そして最後に「エ 施策の事業効果についての評価・検証」が必要である。実施した施策については、「基準」に基づき、その事業効果について評価・検証するというふうにシステム化することが必要であるといふうにしております。
2つめの「人権行政推進のための体制」について、です。これをつくるために先ほど準備会をつくったと申しあげましたが、「大阪市人権施策推進本部」を設置しております。
これは全庁的に人権行政を推進するために、各部局から出ていていただいております。それと「大阪市人権施策推進審議会の設置」ということで、あとで条例の中でお話しますが、有識者を中心にして作っております。

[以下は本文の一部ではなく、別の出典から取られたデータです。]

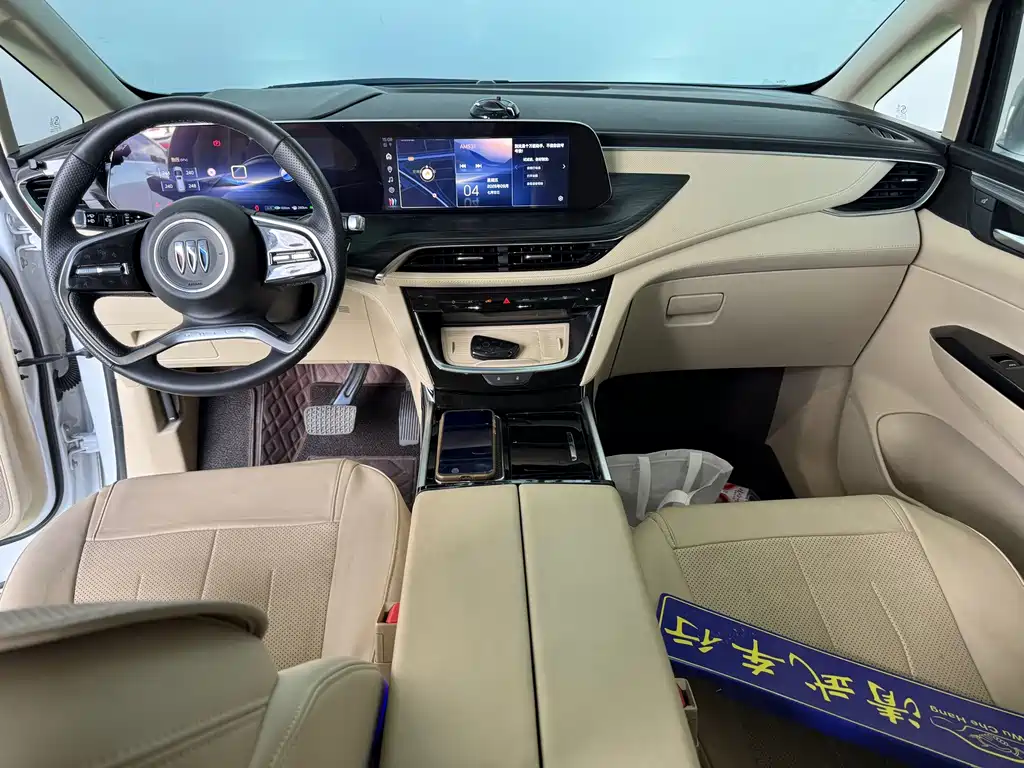 Buick GL8 Hybrid — миниатюра 8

それと、もう1つは「『大阪市人権教育のための国連10年推進本部』の取組」です。人権教育・啓発の分野において、国連10年推進本部が取り組みを進めています。国連10年の推進本部は、「大阪市人権行政基本方針」よりも前にできているですが「基本方針」の中でも位置づけをしています。やっていくことについては、『大阪市人権行政基本方針』の17ページから19ページまでにあります。それは「人権教育・人権啓発の推進」「庁内の人権問題職員研修の推進」です。
最後になるんですが「3 市民参加の促進」ということで、大阪市が庁内だけで進めていくだけではなく、人権行政を進めていくために市民参加も必要であるというところから、これが入りました。

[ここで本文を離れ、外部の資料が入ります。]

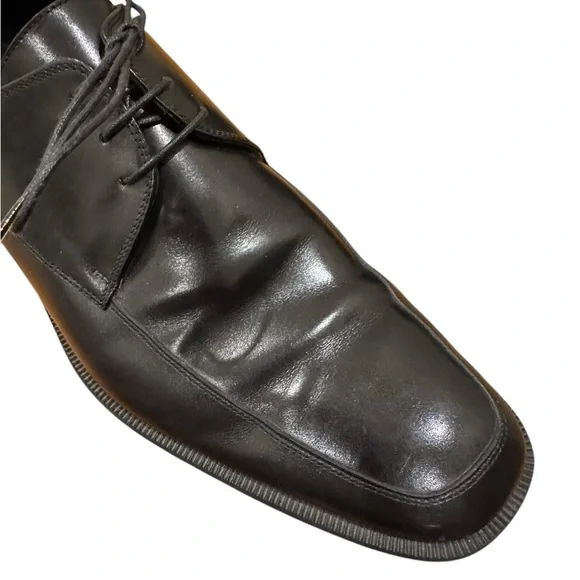 Ermenegildo Zegna Mens Black Laced Dress Shoes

1つは「ボランティア活動のインセンティブ(誘導策)の企画」をして、人権に関わる市民の自主的なボランティア活動をうながすような事業の企画をおこなうことです。ボランティアにつきましては、市民活動推進課という課ができています。
2つめは「市民ニーズの反映」です。このために以下の諸点が盛り込まれている。
「ア 各種相談のネットワーク化」。大阪市におきましては、いろいろな相談窓口を設けております。専門の窓口もそうなんですけれども、さらに市民ニーズに応え、知的障害者などの財産管理相談やスクールカウンセラーなどの充実にも努めています。また、国、大阪府、民間団体におきても、いろいろな人権に関わる相談を実施しています。人権侵害の事案については、相談機関相互の連携が必要であるという認識がありますので、人権問題に対応する相談窓口の整備をしていかければならないと考えております。

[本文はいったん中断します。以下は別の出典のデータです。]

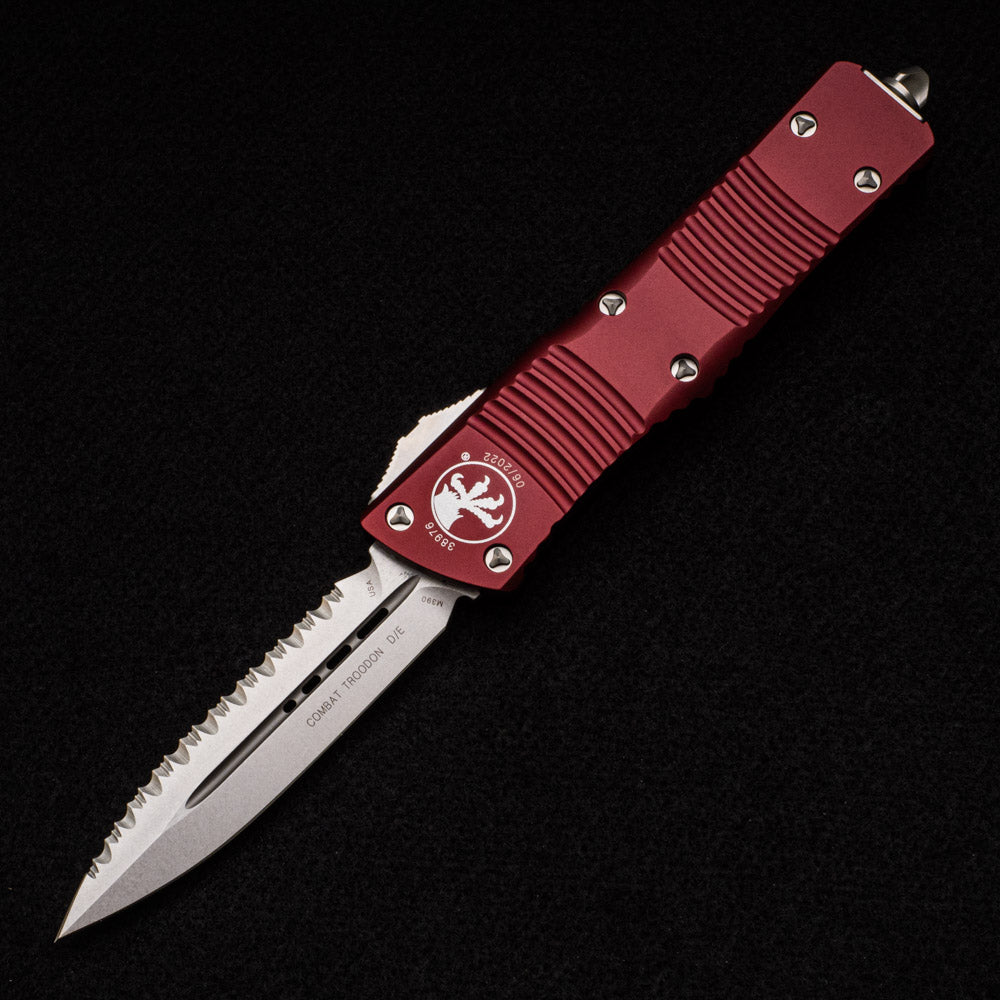 MICROTECH COMBAT TROODON – D-E MERLOT STONEWASH FULL SERRATED 142-12 MR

そのために「イ 新たな相談ニーズへの対応」をしていくために、新たな人権問題への効果的な対応や啓発を推進する体制の充実、強化を図ります。
「ウ 『市民の声』制度を行政システムの改善に活かす仕組み」。「エ 実態調査などの実施」。
こういったかたちで「基本方針」が、できました。
《2.「大阪市人権尊重の社会づくり条例」につい て》
こちら、簡単なリーフレットになっていますが、これで全文、書いております。
大阪府の条例と、非常によく似ています。大阪府の条例とちがうところだけ、言います。「第4条 事業の推進」の部分です。人権尊重の社会づくり事業について、第4条に書かれていますのが、「市民の人権意識の高揚等人権啓発に関する事業」が1つ。もう1つ、具体的にあげていますのが、先ほど「大阪市人権行政基本方針」の最後に説明させていただきました「人権問題に関する情報の収集及び提供並びに相談ネットワークづくり」という事業と「その他の人権尊重の社会づくりを推進するために必要な事業」です。 人権啓発に関する事業をおこなうにあたっては、大阪市人権啓発推進協議会と、府の人権啓発推進協議会との連携を図ります。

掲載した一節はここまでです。